As vitamin D is a fat-soluble vitamin, it becomes difficult for the body to get rid of its excessive molecules. Vitamin D works as steroid hormones in the body. The vitamin enters the cells and stimulates them to activate or deactivate genes. A majority of the vitamins in the body are found in stored form, or bound with the receptors or carrier proteins. Since free vitamin D molecules are rarely available, the body usually becomes unable to detach and get rid of the excessive vitamin D in it.
The Healthy Vitamin D Range
The exact threshold of safe or toxic vitamin D level is tough to define, as each body’s anatomy is different from the other. Generally, 4000 IU vitamin D is considered safe for a normal person. However, up to 10,000 IU Vitamin D has been found harmless in healthy people.
Only a general physician should determine the vitamin D requirement in a person’s body after proper examination. If a person has symptoms of hyperthyroidism, hypothyroidism, or Hashimoto’s thyroiditis, it does not mean that the person should start supplementing Vitamin D capsules, injections, or tablets, as it may lead to Vitamin D toxicity. A doctor’s visit is mandatory before any practical treatment.
Foods Rich in Vitamin D
Vitamin D is not readily available in a majority of the foods.
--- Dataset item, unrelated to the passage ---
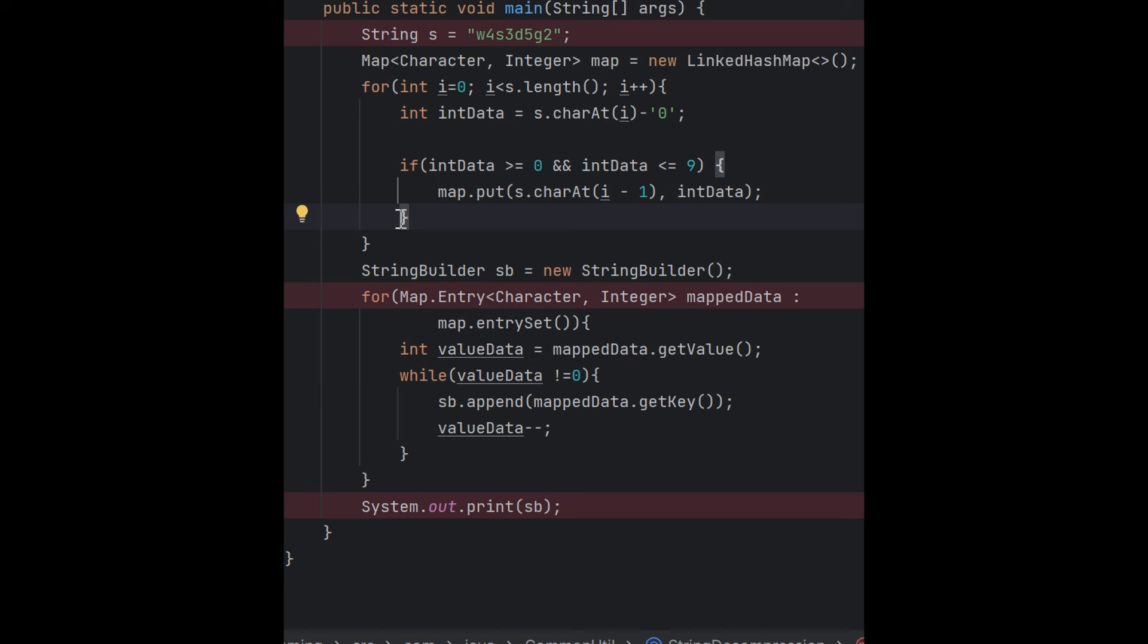It will be completed in O(n) time complexity. If you use the traditional approach, you have to do it with O(n²) time complexity because you will do for within for. If I execute this...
However, the daily requirement could be met without supplements by organizing the meals properly.
- White beans
- Fish, including sardines, salmon, rainbow trout, and perch
- Red meat
- Breakfast cereal
- Orange juice
- Beef liver
- Egg yolk
- Raw milk
Fermented vegetables (those low in copper) help treat the thyroid disorders.
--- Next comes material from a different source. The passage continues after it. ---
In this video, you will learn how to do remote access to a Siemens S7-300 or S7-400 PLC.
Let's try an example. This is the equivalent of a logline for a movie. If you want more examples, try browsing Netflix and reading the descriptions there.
Diagnosis of Vitamin D Deficiency
Vitamin D deficiency at young age can cause rickets in children, and various diseases in the adults, such as skeletal diseases, cardiovascular diseases, metabolic disorders, cognitive disorders, cancer, autoimmune disorders, and even mortality.
Vitamin D levels are measured with simple blood tests. However, proper and reliable testing is necessary before initiating the treatment plan. Wrong measurements may exasperate the thyroid conditions. 1,25(OH)2D test is rarely recommended, as it is affected by phosphorus and calcium levels, as well as parathyroid hormone levels in the body. Hydroxyvitamin Thyroid or 25(OH)D is a reliable test that reflects the accurate measurements of vitamin D obtained from your diet and sunlight.
Treatment for Vitamin D Deficiency
Vitamin D3 supplementation is prescribed to suffice Vitamin D levels in the body. Vitamin D2 has lower and short-term effect on the body, and may put the individual’s health at risk. The tenure of Vitamin D3 supplementation depends on the current Vitamin D levels in the body.
For patients, it is necessary to remember that Vitamin D absorption increases with fat as it is fat-soluble. The supplements should be taken with meals containing healthy fats. Ideally, the supplement should be taken with the largest meal of the day. The doctor may prescribe the supplement on daily, weekly or monthly basis. In obese patients, higher Vitamin D supplementation is recommended.